Año: 2019
Páginas: 89
Género: novela
Editorial: Candaya
Su extensión inclina a que te la bebas de una sentada. Cuando hincas tus ojos ávidos en la primera página, compruebas que vas a leer despacio. Aquí dentro, las palabras son un torrente de profundidad perturbadora que adoptan la forma del soliloquio (y en algunos momentos, de monólogo interior, sin llegar a serlo del todo). Dos voces, dos perspectivas, dos mundos, dos maneras de supervivencia. Y detrás: la vida.
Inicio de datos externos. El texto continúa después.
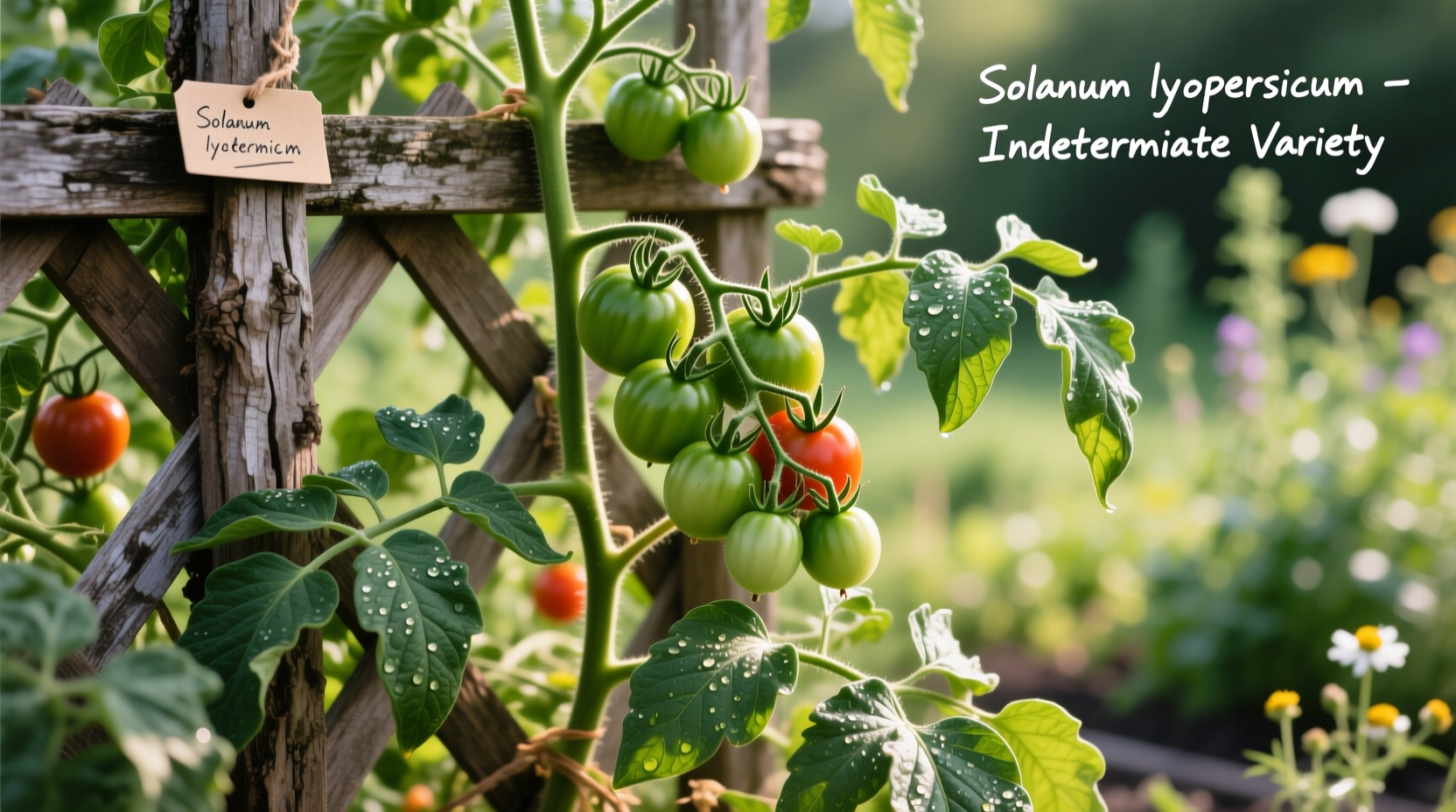 Indeterminate tomato plant growing on trellis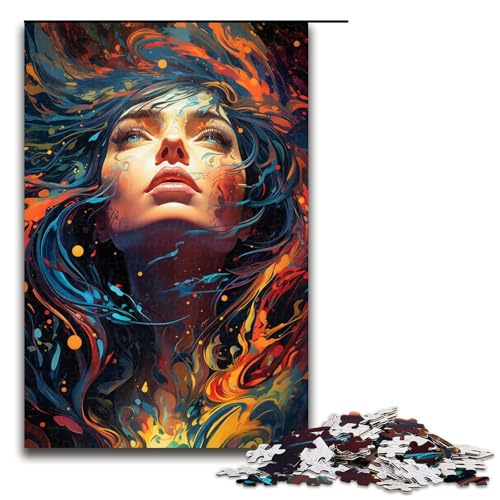 1000-teiliges Puzzle „Fantasie-Farbe-Frau“ Holzpuzzle Lernspiele Heimdekoration 1000 Teile (75 x 50 cm) von mowenbingpeng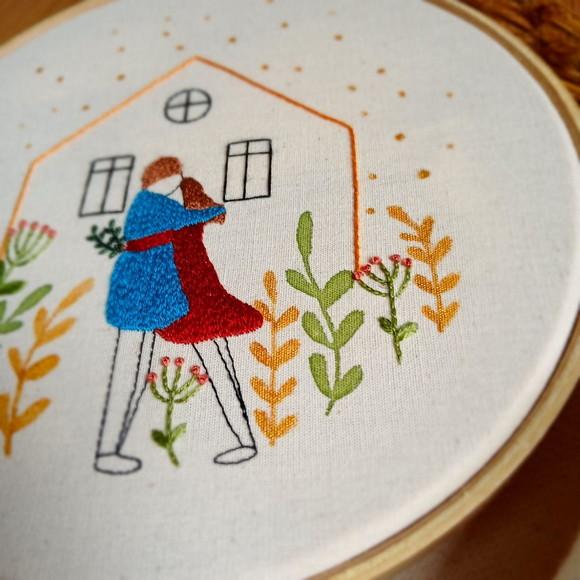 Quadro Bordado - Meu Lar - Dia dos Namorados
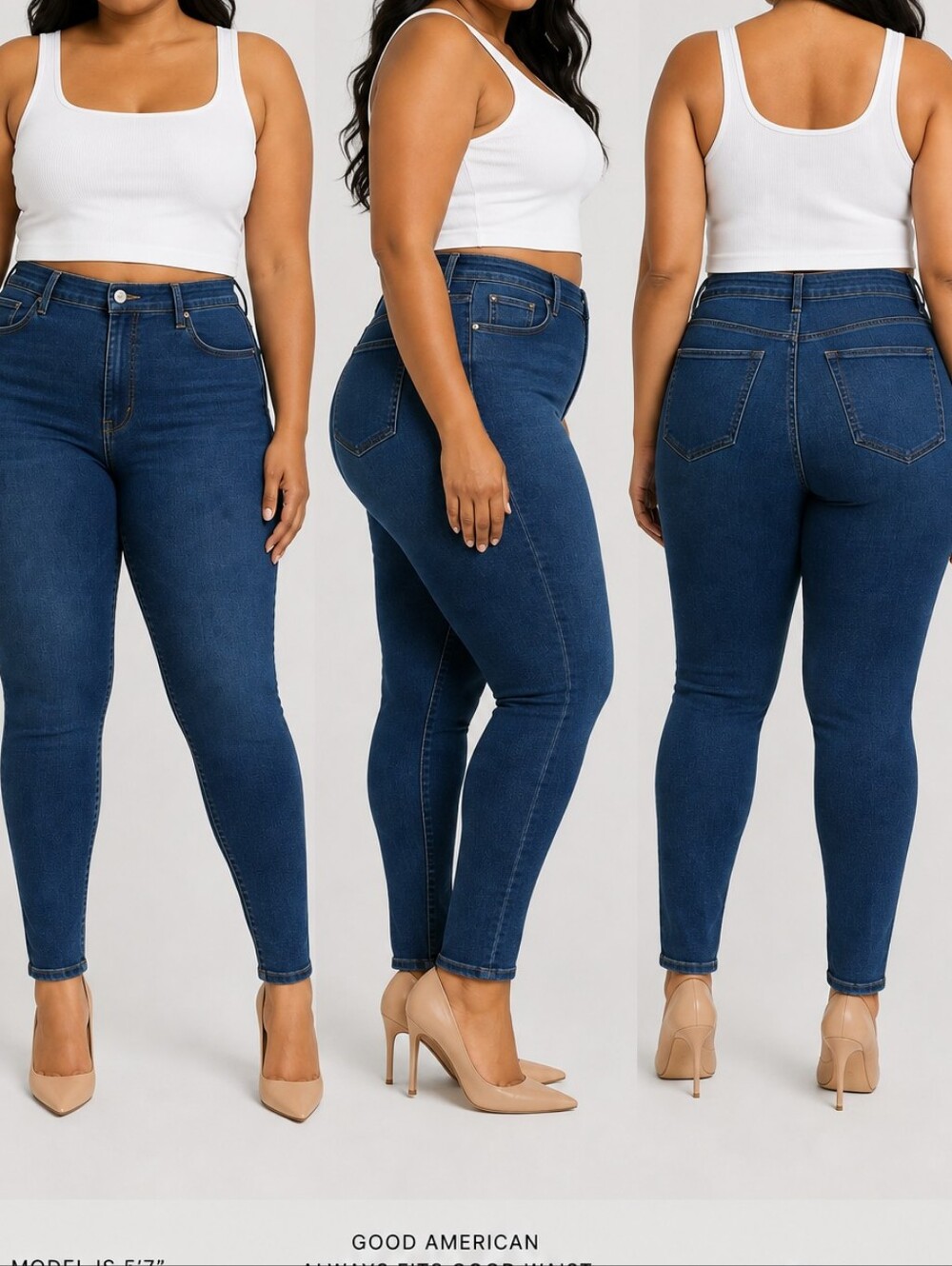 GOOD AMERICAN Dark Blue High-Rise Skinny Jeans. Sz 28-32 NWT MSRP $159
Cada capítulo, que sólo tiene un punto final, se convierte en una vomitona demencial e hilarante, pero lúcida y esclarecedora, en la que nos encontramos la poesía como reflejo, la filosofía como entendimiento, la prosa como delirio y la palabra como salvación (y condena). Pasado y futuro unidos por un presente manchado de pesadillas, de rencores, de arrepentimientos, se secretos que acaban estallando. El lector, mientras tanto, pasa las páginas sobrecogido, enganchado a esta familia que es como todas, pero un poquito bastante más herida por culpa de las decisiones y de las ausencias.
La tragedia se masca en cada frase, las heridas se respiran tras cada coma de la prosa, la alternancia de las dos voces muestra el anverso y el reverso, pero también la reinvención, de unos hechos que hierven con cada pensamiento y en cada enunciación de los personajes.
Y al final, la prosa descarnada dibuja un ambiente entre alucinado y consciente que acaba por ayudar tanto a los lectores (que respiran al conocer y comprender los horrores) como a los personajes, que encuentran su redención en esa descomposición de la palabra vomitada.
En tan sólo 89 páginas se cuecen con brillantez temas como la identidad, la memoria, madurar, las relaciones entre padres e hijos o los demonios que nos corroen las entrañas. Y Alejandro Morellón, libro a libro, se convierte en un narrador poderoso y versátil y al que apetece (mucho) seguirle la pista.